[Records from a data source]
★ ★ ★ ★

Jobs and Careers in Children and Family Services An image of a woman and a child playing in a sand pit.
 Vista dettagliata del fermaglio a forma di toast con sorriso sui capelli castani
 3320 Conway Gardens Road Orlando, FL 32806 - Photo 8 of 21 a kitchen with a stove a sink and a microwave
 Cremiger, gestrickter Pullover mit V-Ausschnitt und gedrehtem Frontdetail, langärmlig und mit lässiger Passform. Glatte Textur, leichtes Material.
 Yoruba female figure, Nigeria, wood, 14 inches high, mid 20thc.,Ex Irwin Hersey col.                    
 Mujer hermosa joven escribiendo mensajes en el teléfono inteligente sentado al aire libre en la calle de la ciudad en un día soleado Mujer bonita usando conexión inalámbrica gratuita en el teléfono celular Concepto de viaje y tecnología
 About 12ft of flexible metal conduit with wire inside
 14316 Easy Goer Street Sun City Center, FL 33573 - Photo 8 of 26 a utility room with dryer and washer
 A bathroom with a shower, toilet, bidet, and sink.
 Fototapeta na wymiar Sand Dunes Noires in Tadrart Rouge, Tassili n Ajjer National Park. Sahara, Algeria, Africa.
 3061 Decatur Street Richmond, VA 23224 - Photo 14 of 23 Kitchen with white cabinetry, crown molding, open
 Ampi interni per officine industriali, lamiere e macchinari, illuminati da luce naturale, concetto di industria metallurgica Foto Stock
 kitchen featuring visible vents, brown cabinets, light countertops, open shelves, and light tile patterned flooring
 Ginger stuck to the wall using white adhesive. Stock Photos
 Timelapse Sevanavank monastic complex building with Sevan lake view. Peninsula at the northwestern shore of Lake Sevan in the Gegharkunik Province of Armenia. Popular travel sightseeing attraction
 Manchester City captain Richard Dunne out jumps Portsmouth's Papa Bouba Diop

★ ★ ★ ★

From the first line of the entries above to the line with "3061 Decatur Street", please return every line exactly, keeping both ends.

WRITTEN SOLUTION
Jobs and Careers in Children and Family Services An image of a woman and a child playing in a sand pit.
 Vista dettagliata del fermaglio a forma di toast con sorriso sui capelli castani
 3320 Conway Gardens Road Orlando, FL 32806 - Photo 8 of 21 a kitchen with a stove a sink and a microwave
 Cremiger, gestrickter Pullover mit V-Ausschnitt und gedrehtem Frontdetail, langärmlig und mit lässiger Passform. Glatte Textur, leichtes Material.
 Yoruba female figure, Nigeria, wood, 14 inches high, mid 20thc.,Ex Irwin Hersey col.                    
 Mujer hermosa joven escribiendo mensajes en el teléfono inteligente sentado al aire libre en la calle de la ciudad en un día soleado Mujer bonita usando conexión inalámbrica gratuita en el teléfono celular Concepto de viaje y tecnología
 About 12ft of flexible metal conduit with wire inside
 14316 Easy Goer Street Sun City Center, FL 33573 - Photo 8 of 26 a utility room with dryer and washer
 A bathroom with a shower, toilet, bidet, and sink.
 Fototapeta na wymiar Sand Dunes Noires in Tadrart Rouge, Tassili n Ajjer National Park. Sahara, Algeria, Africa.
 3061 Decatur Street Richmond, VA 23224 - Photo 14 of 23 Kitchen with white cabinetry, crown molding, open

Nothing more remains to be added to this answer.